Data Science and Graphs. Q&A with Ben Squire (Meredith)
“The value of graph data lies in the story told by the relationships between data points“
Q1. Can you talk about the major differences in the data science projects you work on before using graph databases and after?
Two major differences in data science projects before and after working with graphs databases are in framing the problem statement and new approaches to solutions of the problem.
One clear example can be seen with our work with recommendation engines. Look-a-like modelling and customer segmentation are a major research & development area at Meredith, previously our work focused on web logs at a cookie based level, whereby given a particular action in our web logs, such as signing up for a newsletter or clicking on an advertisement, we would analyze traits of these cookies to find others which had similar interests or reading patterns to present similar offers or ads in order to have a higher click through rate than randomly selected audiences.
This solution was effective and showed positive results however drawbacks in activation and average number of visits per cookie left room for improvement. Graph databases reframed the problem in two ways, namely, we were able to visualize our web logs to find interconnected cookies overtime and transform these into profiles leading to a higher average number of visits per profile creating more accurate models.
Further, these profiles were seen over longer spans of time allowing for higher potential to reactivate again when added to a customer segmentation audience. Secondly, the potential to perform simple calculations based on profiles and reading patterns provides a new way for both URL recommendation engines or Look-a-like models using collaborative filtering that is inherently built into counting relationships that are observed in graph format. Hence, graph databases transformed a problem where our data was more interconnected than could be seen using the RDMS we had before as well as new approaches to previously solved problems to customer and article recommendation.
Q2. What’s the value of using graph data versus data from a traditional relational database?
The value of graph data lies in the story told by the relationships between data points. Data cubes stored in traditional relational databases are optimized for a variety of different applications, however they are constrained in ways that graph data is not with regards to how data is interrelated with each other.

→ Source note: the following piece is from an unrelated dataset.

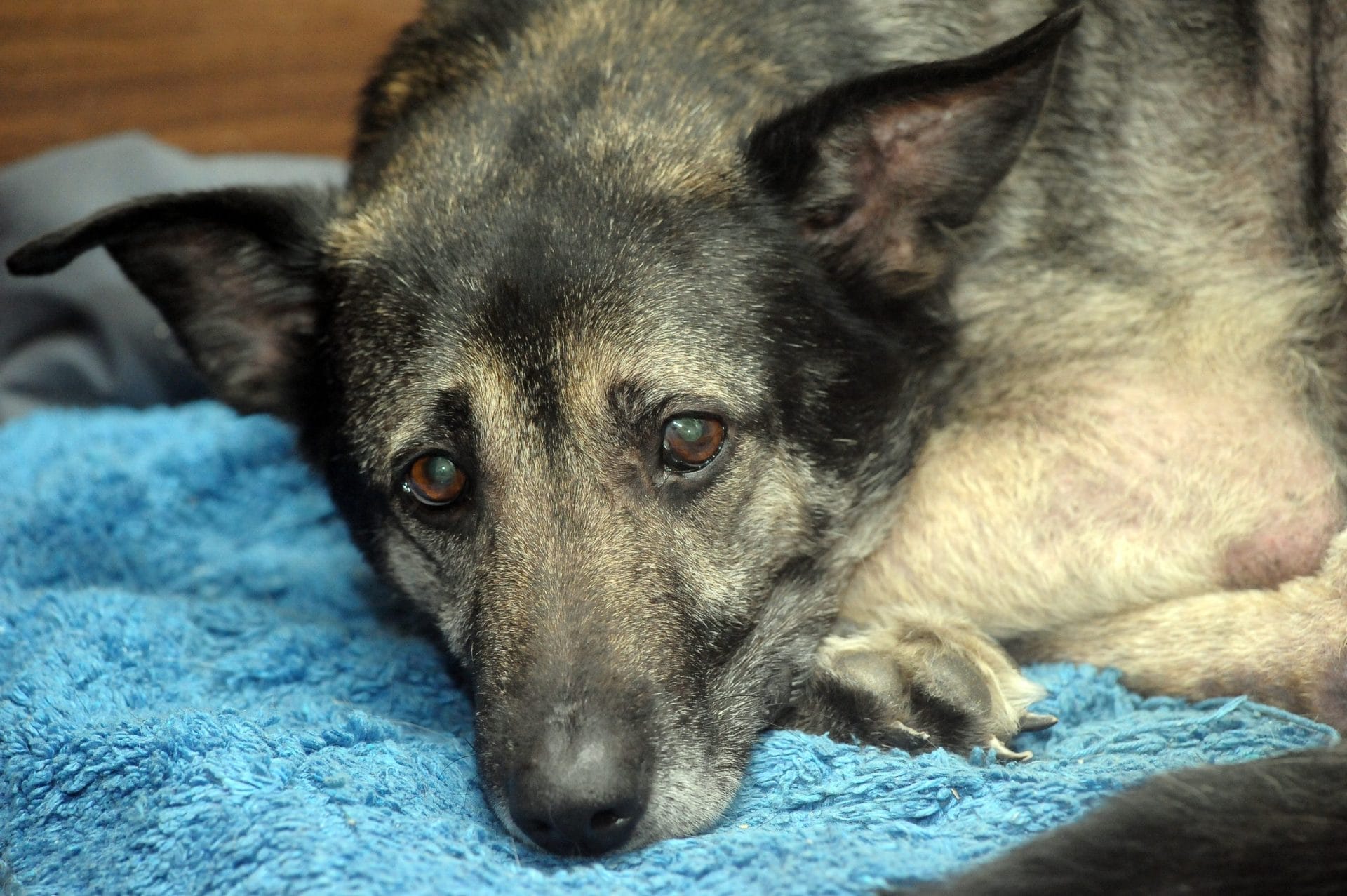Sad-looking dog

Graph data inherently tells a story by itself, visually, which can provide immediate insights that may not be possible in a row and column format.
Furthermore, flexibility in annotation and metadata related to various constructs with graph data is easily conveyed allowing for quick comparisons and references. There are an enormous amount of problems where relationships are key to understanding the insights that data can provide, traditional relational databases require joining different entities together in order to discover these insights where as a properly modelled graph database has them inherently built in. Graph data can utilize the power of graph algorithms and analytics to solve problems with much more efficiency than modeling the same problem in a RDBMS.
Q3. What have been some of the business benefits you’ve seen?
Business benefits I have seen with respect to graph databases are in data discovery, data lineage, and data visualization among others. Data discovery in the fact that by exploring different ways to model data as a graph which previously was contained in row column format, new insights can be immediately discovered with the topologic structure, i.e. – how the data is connected overall. I worked with web traffic logs for over 2 years in RDBMS before toying with graph database models and its impact was profound for our work in identity and analytics.
Data I had taken for granted as knowing front and back had different relationships that were not evident before that allowed us to build our own inhouse identity graph database. Another business impact I have seen from graph databases is analyzing data lineage across systems. Previously we had a variety of data systems stitched together across multiple analytics platforms, data marts, and data warehouses. Key engineers that had the full understanding of data flow through that system had left leaving only highly connected data dictionaries and ETL scripts to describe how data arrived from different sources, was processed, and eventually transformed into inputs for analytical models downstream across a variety of platforms.
Using a graph database of all of these documents detailing the ingestion, transformation, and processing from sources to consumption allowed a new perspective on how data arrived, what its dependencies were, and what downstream processed were affected by it. Lastly, data visualization is critical to why graph databases can be such effective tools in business. Decisions are most often made based on visualizations of the data, not numbers in a row and column matrix in excel. Having the ability to view the data in a connected system which can highlight both macro and micro relationships in the data can drive key decisions in business.
Ben Squire. Ben is a Senior Data Scientist at Meredith Corporation. His focus is digital advertising and profiling where he applies graph databases and algorithms to consolidate anonymous user profiles across various digital properties owned by Meredith.